What to produce
The listing must be copied out in full and exactly; no images go with it.

Data
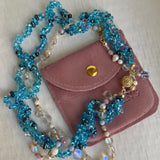 Collier Matilda bleu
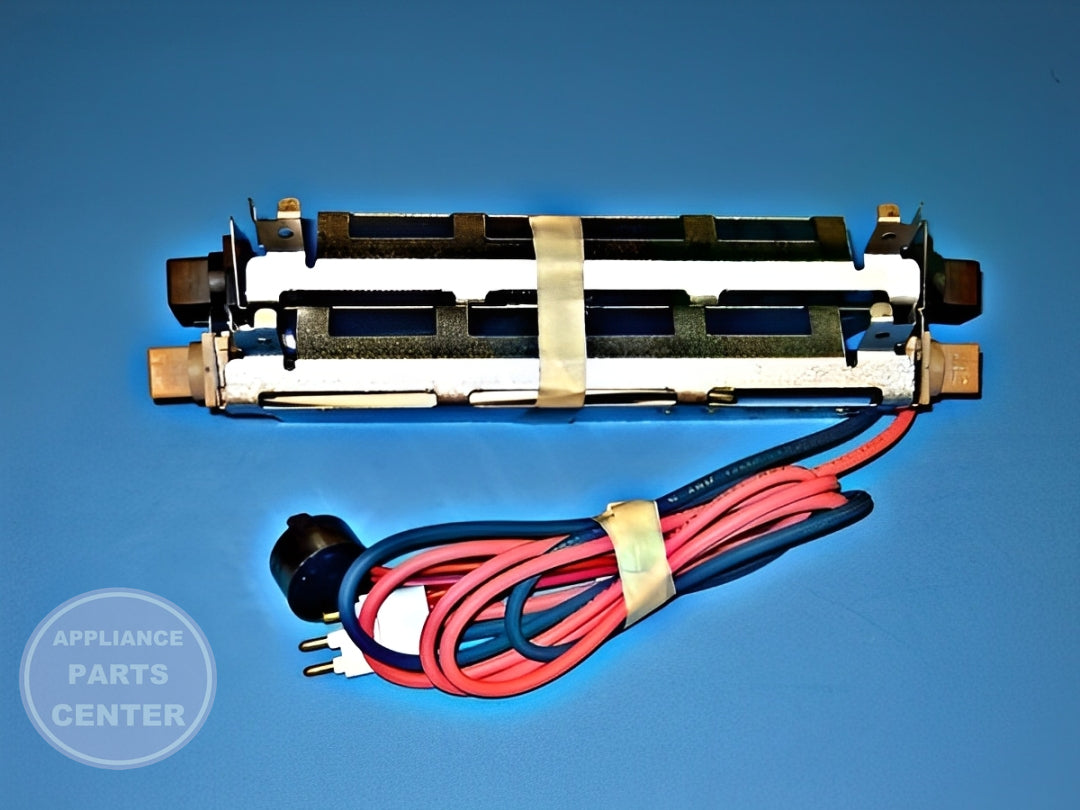 GE REFRIGERATOR DEFROST HEATER ASSEMBLY WR51X442 - Detailed view of the technical details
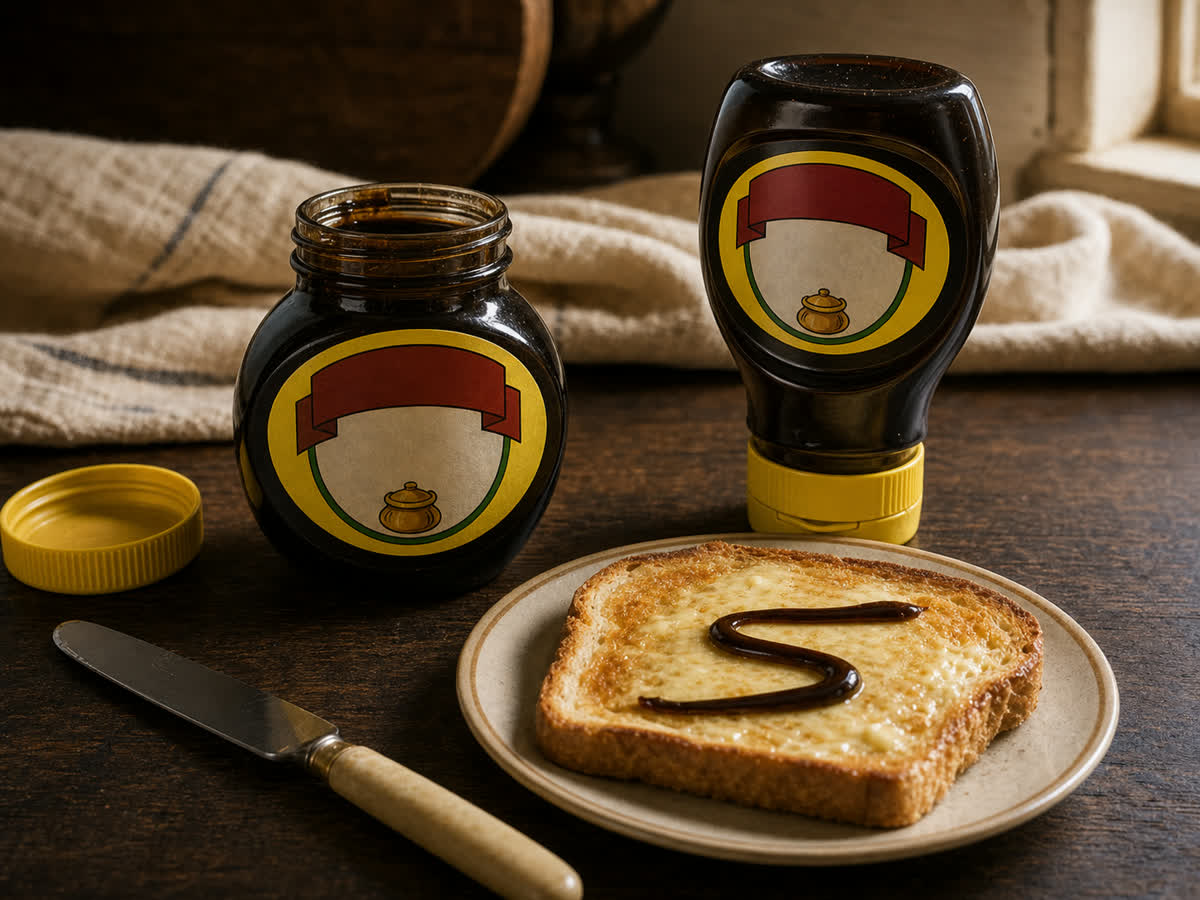 Marmite Squeezy: the case for the bottle, and the small Marmite-jar argument it inherits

Problem solution
 Collier Matilda bleu
 GE REFRIGERATOR DEFROST HEATER ASSEMBLY WR51X442 - Detailed view of the technical details
 Marmite Squeezy: the case for the bottle, and the small Marmite-jar argument it inherits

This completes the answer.